When the object is between F and O, the image is formed somewhere behind the Object on the object side of the lens. The image so formed is virtual, erect and enlarged or magnified. Example- magnifying glass.
How and where the images are formed in a Concave lens?
By keeping the OBJECT at any of the 5 different positions (as described in conditions above) in front of the Concave lens, we always get Virtual (image that cannot be obtained on screen), Erect and Diminished images.
This can be verified in the same way as in Convex lens, by holding the Object (torch or candle) at different positions, one by one, on one side of the Concave lens and moving the screen on the other side of the lens at different positions till we get sharp images.
Uses of Convex lens
1. Used as a magnifying glass
2. Used in making spectacles, microscopes, telescopes, binoculars, cameras, projectors etc.
Uses of Concave lens
1. Used in making spectacles ie. convex lens to correct hypermetropia or farsightedness and concave lens to correct myopia or shortsightedness
2. Used in ‘Peep holes’ in the entrance doors
3. Used in TV dish antenna
Q1.Why are Ray diagrams important?
Ans. Ray diagrams are valuable tools for determining the path of light from the object to our eyes.

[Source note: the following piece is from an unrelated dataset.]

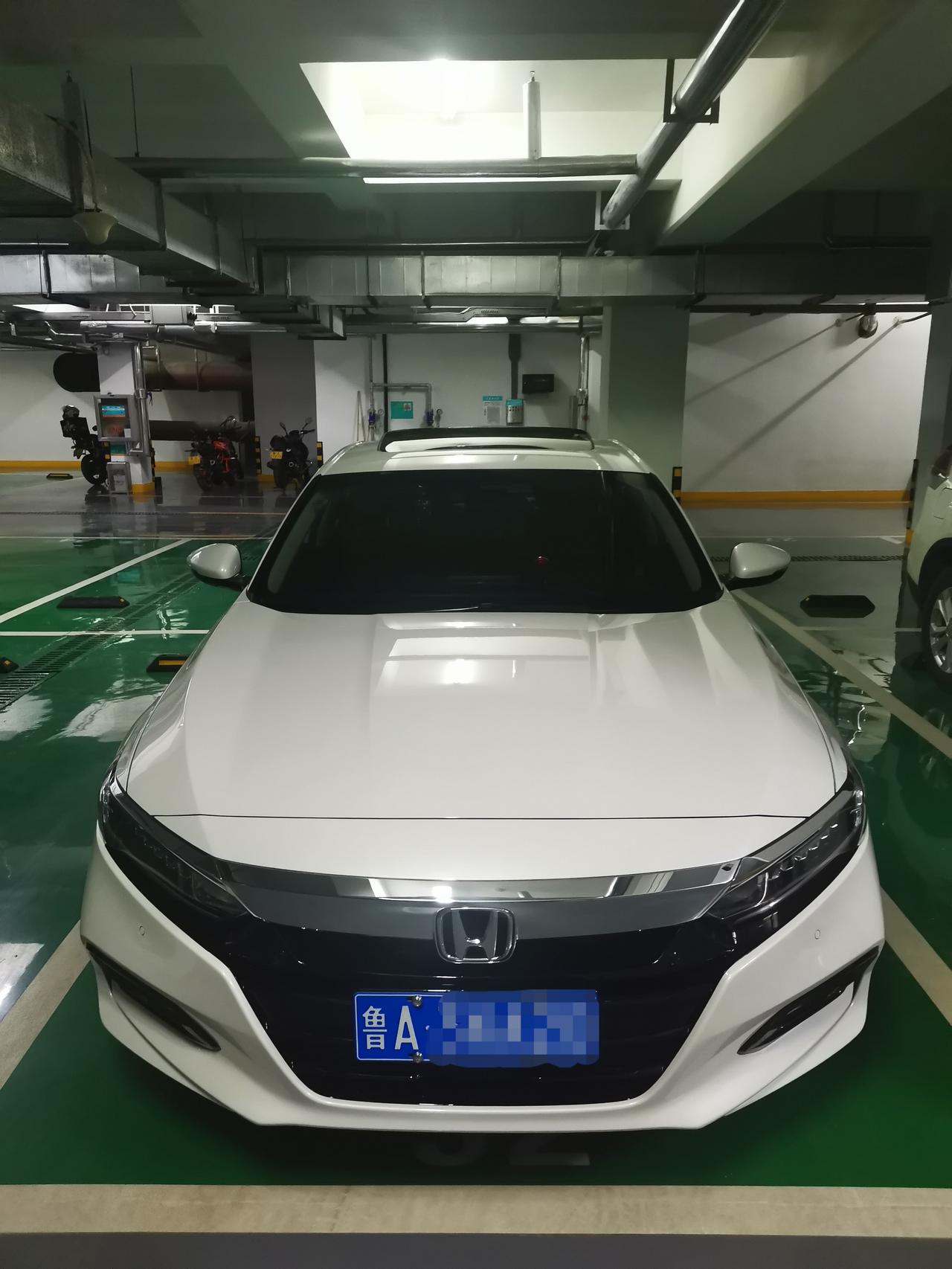 本田雅阁 为啥我把行李箱放后备箱里以后，后备箱关不上，会有警报声，并不是行李箱过大，推里面不影响关后备箱，但是关不上。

Q2. Why do the light rays ‘bend’ when they pass through the lens?
Ans. Because while the light rays pass through the lens, the medium changes. So, when the light rays pass from rarer (air) medium to denser (glass) medium, they bend and vice versa.
Q3. How many incident rays do we take into consideration while making Ray diagrams for a convex lens?
Q4. Where do these three incident rays are shown to pass from while making Ray diagrams to show the location of the image formed?
Ans. First incident ray travelling parallel to the Principal axis, passes through the focal point after refraction. Second incident ray travelling through the focus runs parallel to the principal axis after refraction. Third incident ray travelling through the centre of the lens continues to travel in the same direction after refraction.
Q5. How do we determine the location of the image?
Ans. The point of intersection of the three incident rays (explained above) determines the image location.
Home Assignment For Readers
Draw Ray diagrams to show the location of Images, individually, for all the 5 conditions for the positions of the Object in front of the convex lens.